Albert Kaye

Personal information
- Date of birth: 30 April 1872
- Place of birth: Staveley, England
- Date of death: 16 September 1935 (aged 63)
- Place of death: Mansfield, England
- Position(s): Centre-forward, inside-forward

Senior career*
- Years: Team / Apps / (Gls)
- Staveley
- Eckington
- 1897–1899: Sheffield Wednesday / 41 / (12)
- 1899–1900: Chatham
- 1900–1901: West Ham United / 14 / (2)
- 1901–?: Distillery
- 1903–1904: Stockport County / 16 / (2)

= Albert Kaye =

English footballer (1872–1935)

Albert Kaye (30 April 1872 – 16 September 1935) was an English professional footballer who played as a centre-forward in the Football League for Sheffield Wednesday and Stockport County. He also played for Chatham, West Ham United, and Distillery.

Kaye played for Staveley and Eckington before joining Sheffield Wednesday for the 1897–98 season.

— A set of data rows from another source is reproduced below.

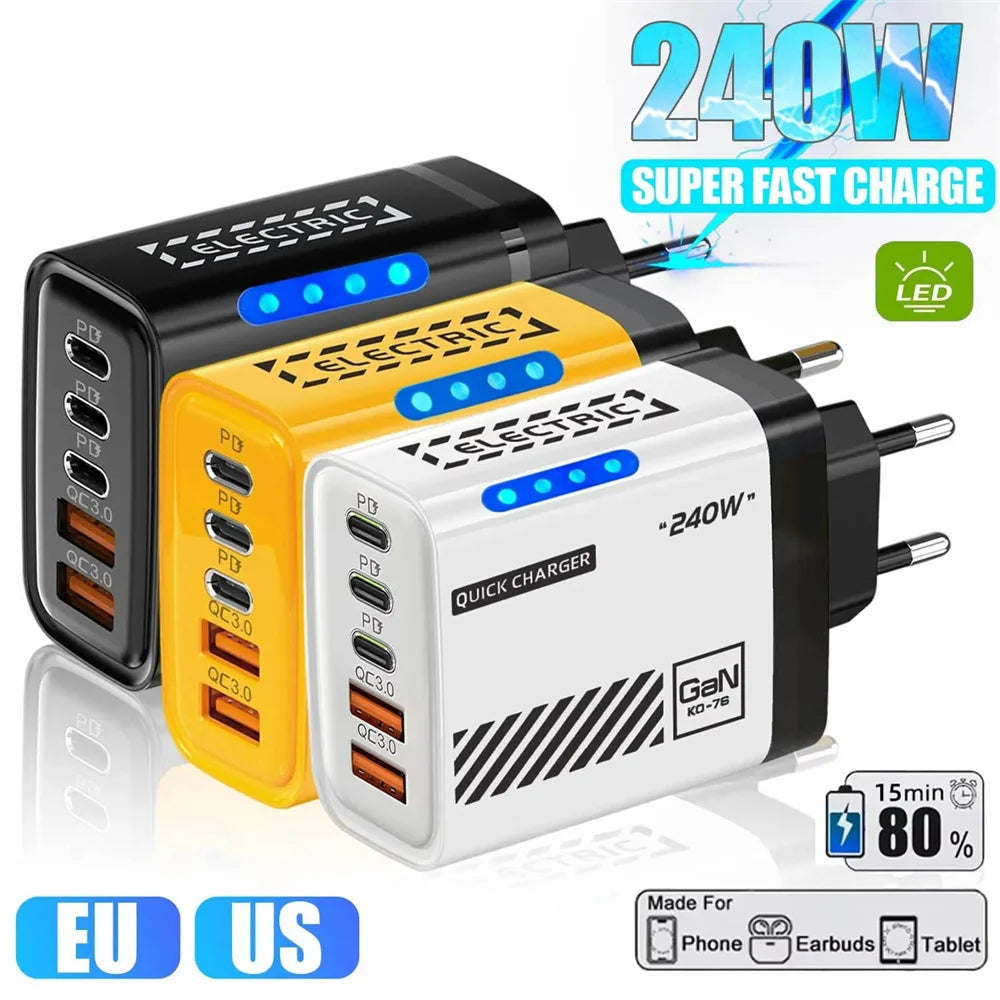 240W GaN USB C Charger 5 in 1 Fast Charging Phone Charger Power Adapter For iPhone Samsung Xiaomi Type C EU/US Plug Wall Charger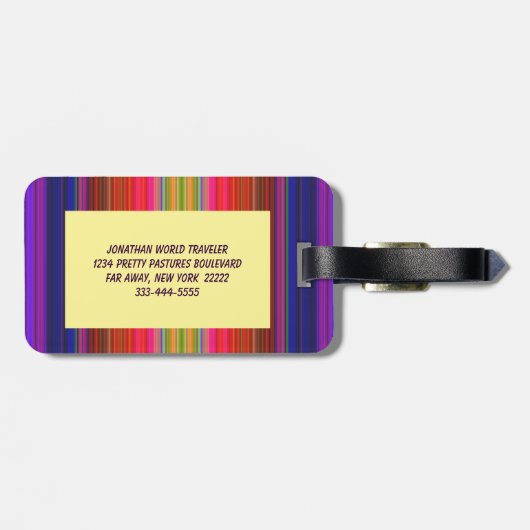 Regenbogenstreifen Gepäckanhänger (Rückseite horizontal)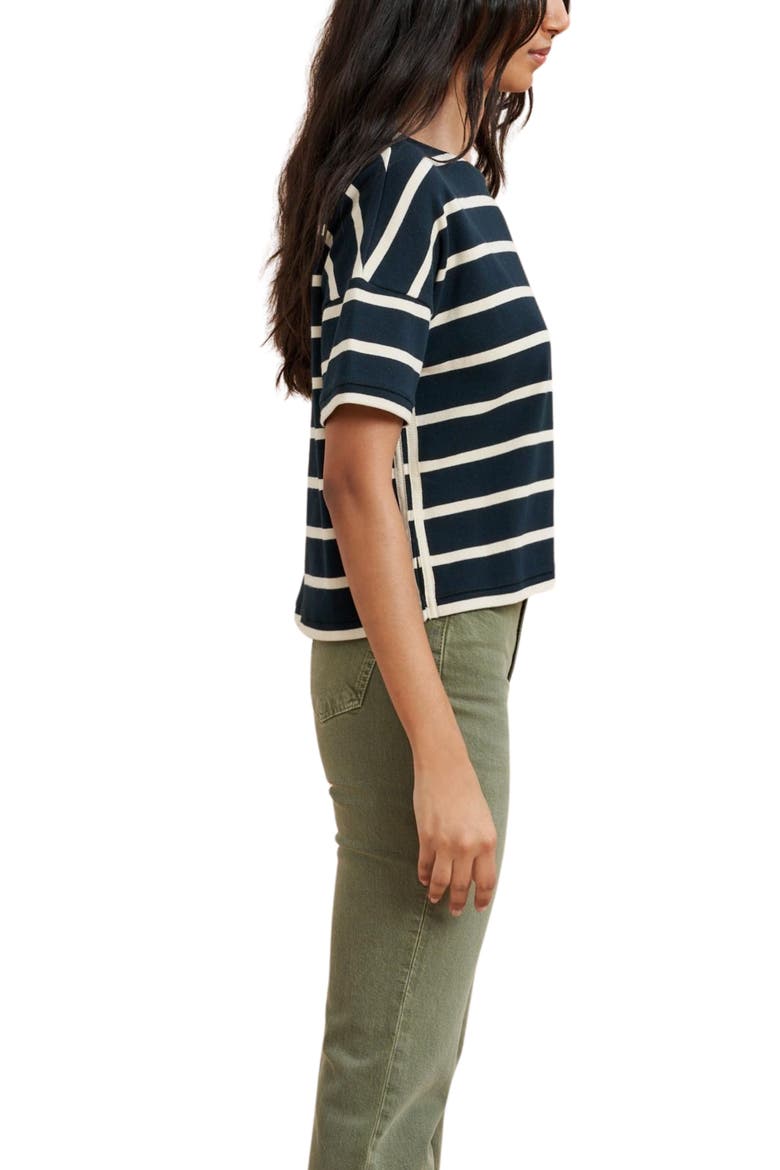 Short Sleeve Breton Tee, Alternate, color, Navy/Ecru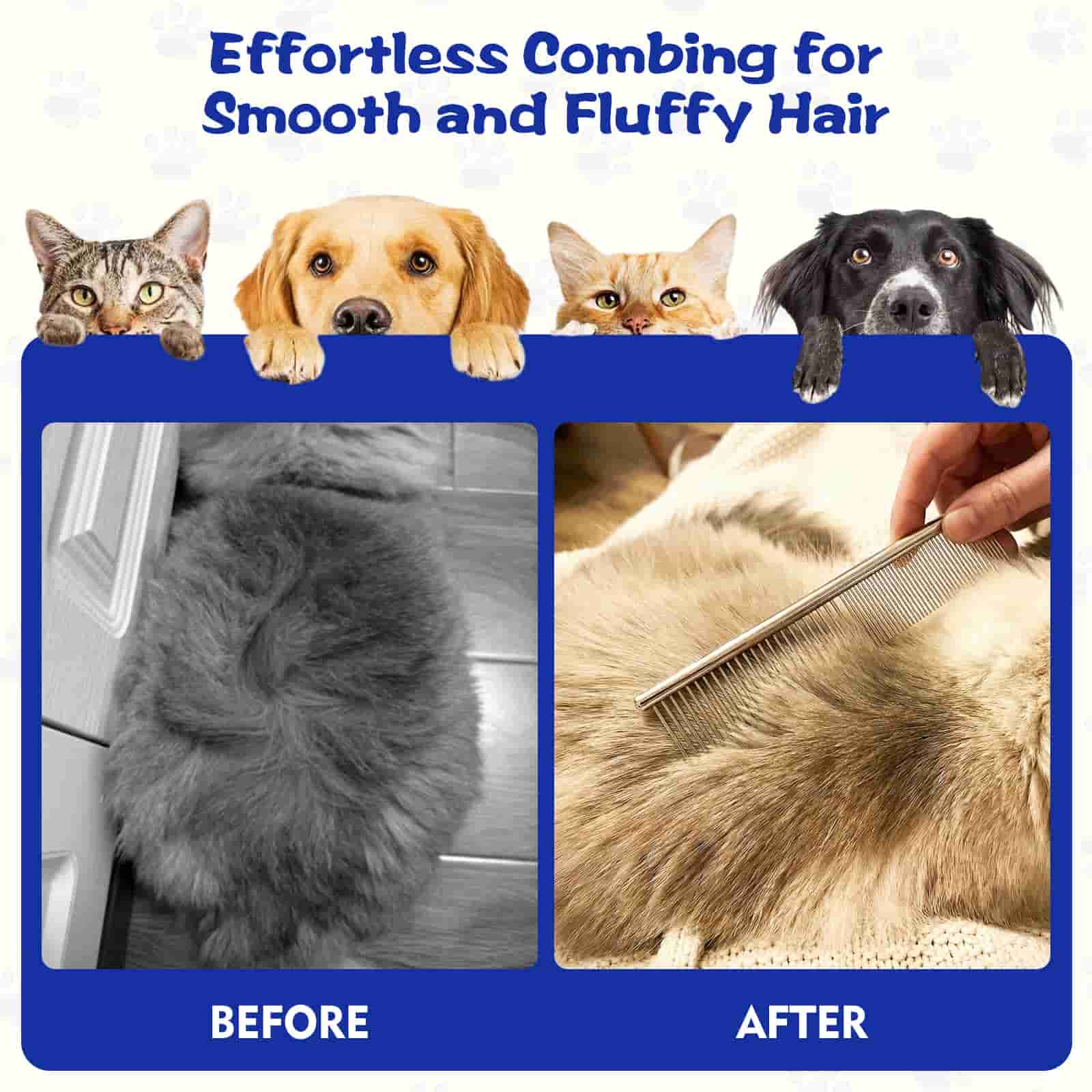 CLEAN WORLD 7 Pack Stainless Steel Pet Flea Combs, Double‑Sided Grooming Tools for Fleas, Tear Stains & Mats for Small Medium Large Pets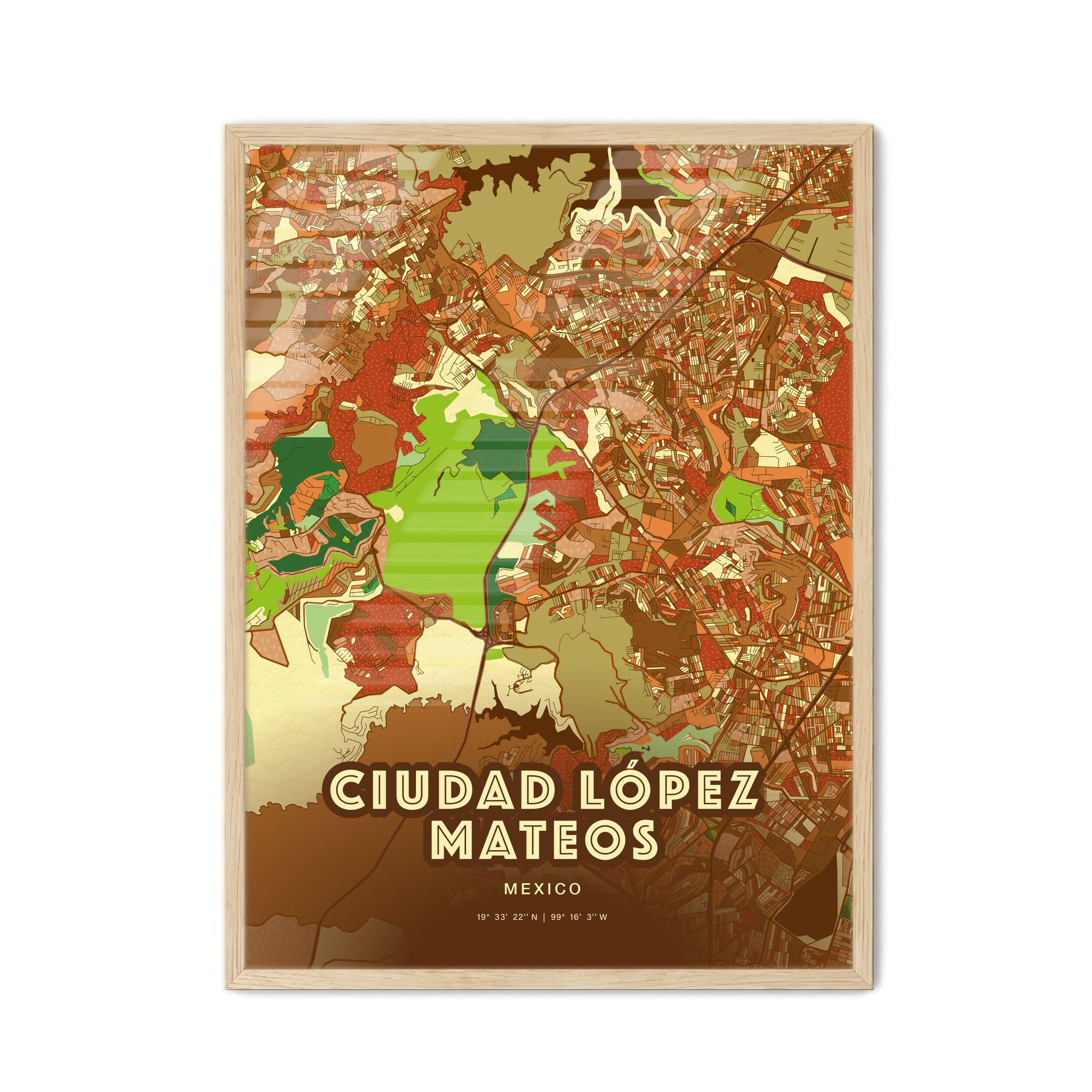 Colorful CIUDAD LÓPEZ MATEOS MEXICO Fine Art Map Farmhouse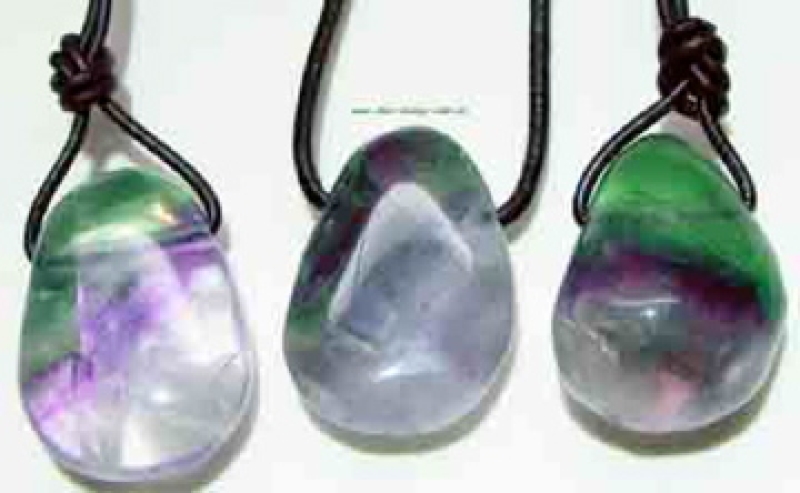 Preview: Fluorit Tropfen Bunt Anhänger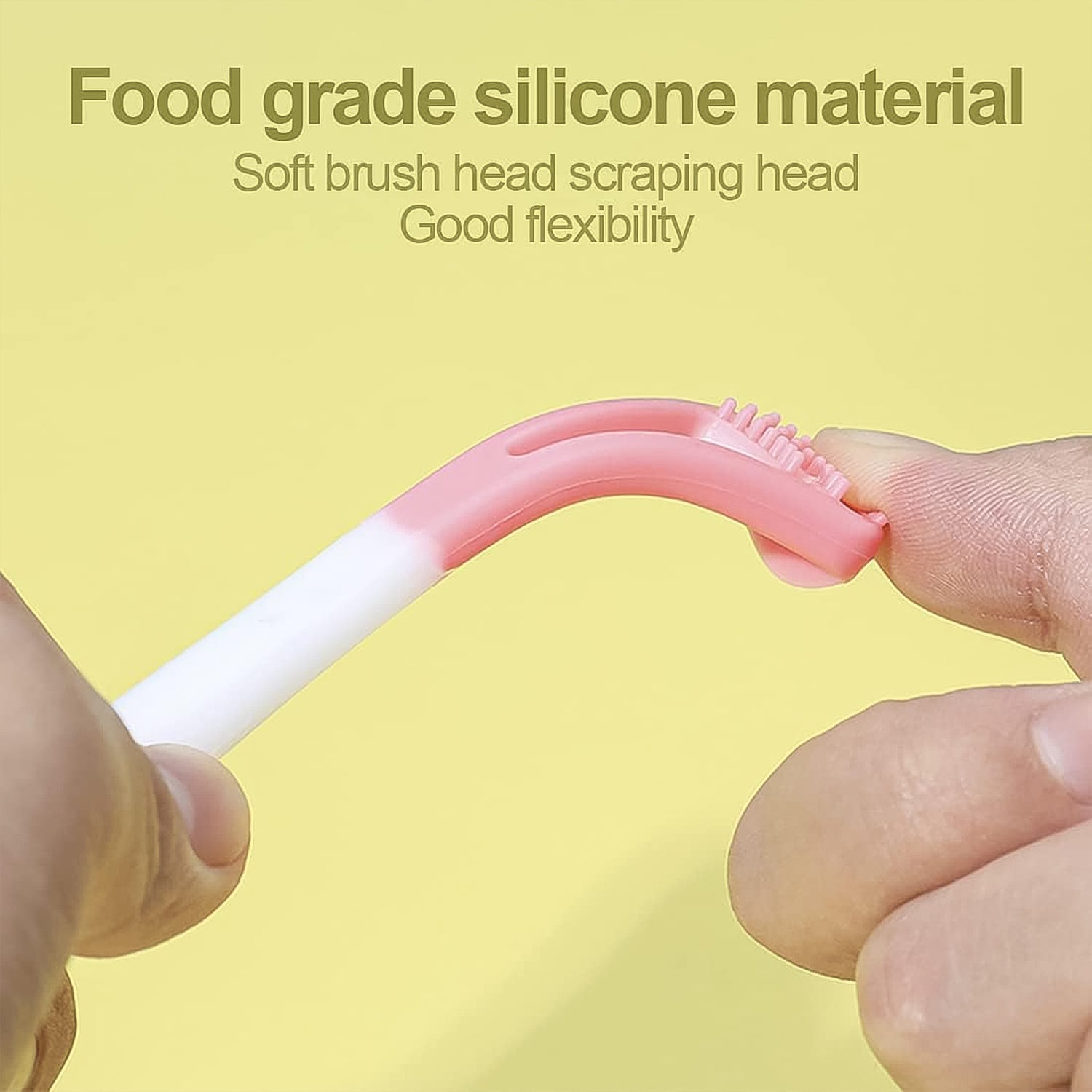 A hand bending the pink silicone scraper end of the tongue cleaner, with text about food-grade silicone material.
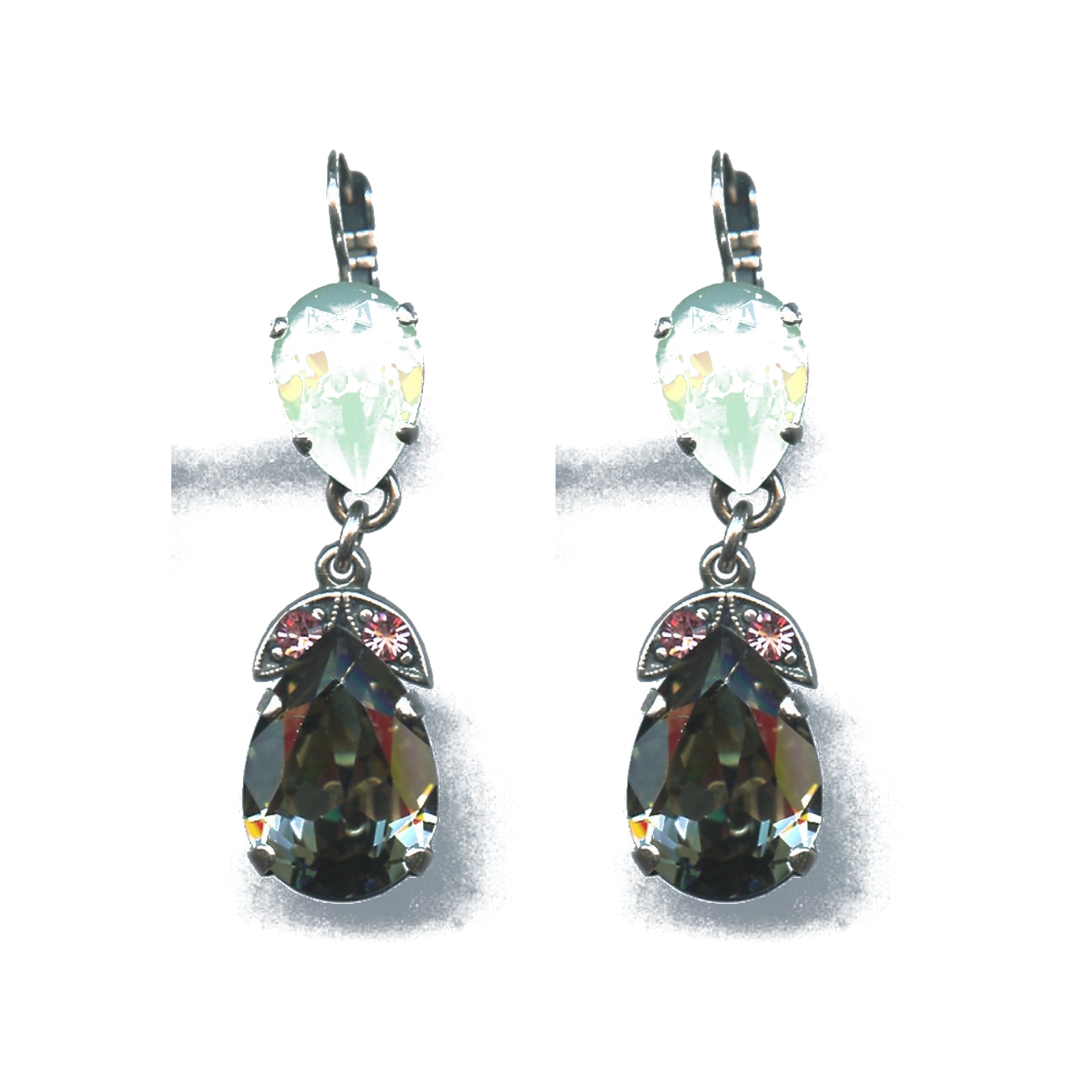 E-1032-4-1050-SP6 Earrings By Mariana Woman Chic Topaz and Pale Green and Pink Swarovski Crystals - Image 1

After a spell at Chatham, he joined West Ham United along with Walter Tranter for the start of their inaugural season of 1900–01. There, he played mainly as inside-left, appearing once as a centre-forward and twice as left-winger. He was part of the team that played in West Ham's first fixture against Gravesend United, which the Hammers won 7–0. In all, he made 14 Southern League First Division and six FA Cup appearances for the east London club, his final appearance coming on 12 January 1901 against Bristol City. In June 1901, he and Tranter joined Belfast club Distillery.

He returned to England and League football with Stockport County in 1903.